Elapsed time: 2 msec(s).
[default@keyspace] set TestCF['TestKey']['value'] = utf8('0.0');
Value inserted.
Elapsed time: 1 msec(s).
[default@keyspace] get TestCF['TestKey'];
=> (column=timestamp, value=1339532764, timestamp=172800)
=> (column=value, value=0.0, timestamp=1339532783904000)
Returned 2 results.
Elapsed time: 2 msec(s).
[default@keyspace] set TestCF['TestKey']['value'] = utf8('2.0');
Value inserted.
Elapsed time: 2 msec(s).
[default@keyspace] get TestCF['TestKey'];
=> (column=timestamp, value=1339532764, timestamp=172800)

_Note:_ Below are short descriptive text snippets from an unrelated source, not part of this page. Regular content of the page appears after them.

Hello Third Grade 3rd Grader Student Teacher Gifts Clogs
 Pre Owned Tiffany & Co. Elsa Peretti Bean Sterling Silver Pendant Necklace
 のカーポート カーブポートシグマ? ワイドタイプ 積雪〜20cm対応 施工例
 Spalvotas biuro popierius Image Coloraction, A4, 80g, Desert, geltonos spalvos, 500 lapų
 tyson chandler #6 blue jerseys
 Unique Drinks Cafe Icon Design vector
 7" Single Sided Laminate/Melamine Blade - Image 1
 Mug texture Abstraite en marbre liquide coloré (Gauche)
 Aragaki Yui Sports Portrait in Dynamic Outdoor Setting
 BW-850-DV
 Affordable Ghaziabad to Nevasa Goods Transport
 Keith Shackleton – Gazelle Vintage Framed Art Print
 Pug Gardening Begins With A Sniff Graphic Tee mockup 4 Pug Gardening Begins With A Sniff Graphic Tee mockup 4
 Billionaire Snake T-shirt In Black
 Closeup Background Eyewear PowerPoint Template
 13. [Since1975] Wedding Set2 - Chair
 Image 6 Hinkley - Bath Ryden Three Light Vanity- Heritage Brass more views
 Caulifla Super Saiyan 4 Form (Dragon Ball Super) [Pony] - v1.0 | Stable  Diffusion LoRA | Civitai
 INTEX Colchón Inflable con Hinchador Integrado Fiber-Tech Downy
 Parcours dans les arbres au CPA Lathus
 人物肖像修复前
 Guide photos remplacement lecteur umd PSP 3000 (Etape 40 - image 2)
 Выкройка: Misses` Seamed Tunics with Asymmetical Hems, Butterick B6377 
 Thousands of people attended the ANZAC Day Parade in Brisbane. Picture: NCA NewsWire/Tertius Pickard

=> (column=value, value=2.0, timestamp=1339532783913000)
Returned 2 results.
Elapsed time: 2 msec(s).
[default@keyspace] set TestCF['TestKey']['value'] = utf8('1.5');
Value inserted.
Elapsed time: 1 msec(s).
[default@keyspace] get TestCF['TestKey'];
=> (column=timestamp, value=1339532764, timestamp=172800)
=> (column=value, value=1.5, timestamp=1339532783923000)
Returned 2 results.
Elapsed time: 2 msec(s).
[default@keyspace] set TestCF['TestKey']['value'] = utf8('0.2');
Value inserted.
Elapsed time: 0 msec(s).
[default@keyspace] get TestCF['TestKey'];
=> (column=timestamp, value=1339532764, timestamp=172800)
=> (column=value, value=0.2, timestamp=1339532783933000)
Returned 2 results.
Elapsed time: 2 msec(s).

Another thing that isn’t acting as I would expect is row deletions. In my testing, it seems that once a row has been deleted, subsequent attempts to write to that row will just silently fail. I suspect that it has to do with the fact that Cassandra’s distributed nature makes deletes a bit counter-intuitive, which is outlined here in the Cassandra documentation. It would be nice to know for sure, though.

EDIT: I was doing it wrong. Sigh. Deletes are still weird to me though.